Lointaine ascendance
Des noms sur des livrets officiels : Erasmo Monte et sa femme Celeste Lubrano, mes arrière-grands-parents du côté paternel.
Une île au large de Naples, un quartier de Marseille dans l’entre deux guerres où des tantes aux prénoms désuets – Juliette, Ernestine – hébergeaient mon père alors étudiant, des oranges flottant dans le port et récupérées par des gamins avides, quelques bribes de passé familial sans épaisseur.
L’enracinement primordial était ailleurs, dans la Provence inscrite dans l’accent et magnifiée dans sa langue, sa cuisine et son soleil, face à la Bourgogne lointaine que la mort de ma mère privait définitivement de toute grâce et surtout face aux prétentions hégémoniques d’une France d’oïl pour laquelle mon père n’avait que dédain. Mon enfance était bercée de ses jugements qui furent longtemps parole d’évangile : les Méridionaux amoureux du loisir et champions de l’art de vivre en remontraient aux Nordiques besogneux, les Cathares rejoignaient les Indiens et les Noirs dans la cohorte des peuples injustement opprimés, le provençal, dans lequel Dante avait failli écrire la Divine Comédie, était bien plus imagé et riche en vocables que le trop sobre français de Malherbe.

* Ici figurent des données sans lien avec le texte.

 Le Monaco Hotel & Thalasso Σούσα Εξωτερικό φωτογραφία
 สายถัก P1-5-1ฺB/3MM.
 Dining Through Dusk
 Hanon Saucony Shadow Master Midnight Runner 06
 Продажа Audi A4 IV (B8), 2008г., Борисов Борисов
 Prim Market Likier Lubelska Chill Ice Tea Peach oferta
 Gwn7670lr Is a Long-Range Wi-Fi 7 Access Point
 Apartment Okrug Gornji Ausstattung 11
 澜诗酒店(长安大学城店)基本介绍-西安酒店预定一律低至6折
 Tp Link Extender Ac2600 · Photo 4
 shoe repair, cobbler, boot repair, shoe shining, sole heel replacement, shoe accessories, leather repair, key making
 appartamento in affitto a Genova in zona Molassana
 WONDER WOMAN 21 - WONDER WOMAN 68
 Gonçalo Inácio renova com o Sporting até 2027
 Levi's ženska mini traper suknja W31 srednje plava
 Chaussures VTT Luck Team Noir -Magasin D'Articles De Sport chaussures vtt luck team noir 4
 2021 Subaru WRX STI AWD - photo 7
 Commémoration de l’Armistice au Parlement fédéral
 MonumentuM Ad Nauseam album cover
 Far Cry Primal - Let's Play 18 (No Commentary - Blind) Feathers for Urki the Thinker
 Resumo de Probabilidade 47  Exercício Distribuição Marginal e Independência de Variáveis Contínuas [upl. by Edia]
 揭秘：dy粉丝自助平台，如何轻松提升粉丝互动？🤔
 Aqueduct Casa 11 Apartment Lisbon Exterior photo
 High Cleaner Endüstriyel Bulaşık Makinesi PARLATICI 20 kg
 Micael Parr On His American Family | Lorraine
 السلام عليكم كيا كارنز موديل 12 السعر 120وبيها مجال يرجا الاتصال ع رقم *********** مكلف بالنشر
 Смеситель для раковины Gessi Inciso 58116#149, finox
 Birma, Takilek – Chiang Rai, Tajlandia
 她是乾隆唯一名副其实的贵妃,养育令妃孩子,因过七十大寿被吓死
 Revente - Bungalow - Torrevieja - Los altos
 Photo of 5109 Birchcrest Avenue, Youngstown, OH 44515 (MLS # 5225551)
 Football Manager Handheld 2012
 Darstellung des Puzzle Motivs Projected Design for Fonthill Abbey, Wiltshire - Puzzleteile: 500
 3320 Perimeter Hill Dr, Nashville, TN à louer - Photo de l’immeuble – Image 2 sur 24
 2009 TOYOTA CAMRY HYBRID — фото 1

L’Italie somme toute jouait plutôt sa partition pour illustrer le rôle émancipateur de l’instruction faisant de mon grand-père, fils de docker, entouré de sœurs parlant mal le français, un directeur d’école honoré, un peintre estimable et un savant autodidacte dont je découvrais avec étonnement la bibliothèque.
Ce grand-père trop tôt disparu qui lisait Heisenberg, Freud et Bergson, je n’aurai pas pu l’interroger sur son rapport au pays de ses parents. Et d’ailleurs, s’y serait-il prêté, lui qui n’eut jamais la curiosité de se rendre à Procida, lui préférant la Florence des Uffizi, les peintres toscans et vénitiens ?
Les sœurs célibataires mortes sans enfants, la filiation Monte se réduisait à ce qu’en disait mon père. Le pays resta ainsi à la fois familier et distant, le latin et le provençal permettant d’en comprendre la langue sans vraiment la parler. En quatrième, j’appris le castillan, en vertu d’un raisonnement paternel qui rallia mes suffrages : une langue romane par fidélité aux origines et l’espagnol en raison du nombre élevé de ses locuteurs. D’emblée fascinée au plus profond par cette langue à la fois âpre et chantante, passionnée d’autre part par le latin, je ne me sentais aucun lien particulier avec l’Italie d’Erasmo et Celeste. Elle demeura obstinément à l’arrière-plan, comme une évidence distraite jamais interrogée.
Si elle ressurgit plus tard, ce fut à cause de la poussée de rhétorique raciste qui opposa les Français de souche aux bronzés d’outremer. Dans ce concert, les descendants d’Italiens hurlaient souvent avec les loups et des médias complaisants recréaient l’histoire imaginaire d’une intégration harmonieuse. Mon père y opposa ses souvenirs : les courses contre les Babi dans les rues de Marseille, le microcosme de la rue Longue. Je me documentai sur l’immigration de la fin du XIXe siècle et m’identifiai intellectuellement à ces lointaines origines. Mais plus que tel pays spécifique, c’est toujours le vaste ensemble des langues de la romanité qui nourrit mon sentiment d’appartenance et, au-delà, les cultures où sur une terre sèche pousse l’olivier et où des fontaines dispensent une eau rare et précieuse.